Effects of microfiber reinforcement on mechanical properties and durability of cementitious composite.

摘要

Fiber reinforced cementitious materials exhibit quasi-brittle behavior, enhanced durability, flaw tolerance and toughness. However, most studies focus on the effects of macrofibers. The improvements of mechanical and fracture behavior of mortars due to steel and polymer microfibers were investigated in this study by cylinder, flexural, and compact tension test. During the compact tension test, in-situ crack propagation was observed under an optical microscope and the toughening mechanisms of the microfibers were identified.; In addition, the effect of steel microfiber reinforcement on the alkali silicate reaction (ASR) was investigated. The reactivity of ASR in mortars with 0.07 volume fraction (V_f) and without steel microfiber reinforcement was studied. The expansion and the reaction products were characterized by expansion test, optical microscopy, scanning electron microscopy (SEM), microprobe analysis, and induced coupled plasma (ICP) spectrometry. The flexural strength and fracture behavior of the two mortars subject to ASR was also investigated.; The test results revealed that incorporation of both steel and polymer microfibers enhanced the strength of the mortar.
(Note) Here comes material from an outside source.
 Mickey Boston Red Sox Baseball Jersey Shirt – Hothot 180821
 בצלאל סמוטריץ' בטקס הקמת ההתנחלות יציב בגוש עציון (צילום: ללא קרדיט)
The crack growth resistance increased with increasing V_f of microfibers. Interground polymer fibers despite their very low V_f were very effective in resisting crack growth resistance. Multiple cracking due to successive debonding of the fiber/matrix interface was the dominant toughening mechanism in mortars reinforced with steel microfibers while fiber bridging and pullout dominated in the Fibar cement reinforced with interground polymer fibers. Furthermore, aggregate bridging and pullout and secondary crack formations associated with aggregate bridging sites were observed as well in both types of mortar specimens. The steel microfiber reinforced (SFR) mortar subject to ASR showed considerably less expansion and less reaction products were formed. The ICP analysis of the liquid obtained from the ASR site revealed a higher concentration of alkali-silicate complex in SFR mortar compared to the plain mortar, which explained the lower dissolution of reactive silica in SFR. The SEM image of layered structure that consists of small crystals observed in dry sodium rich gel supports the double layer theory as the ASR expansion mechanism.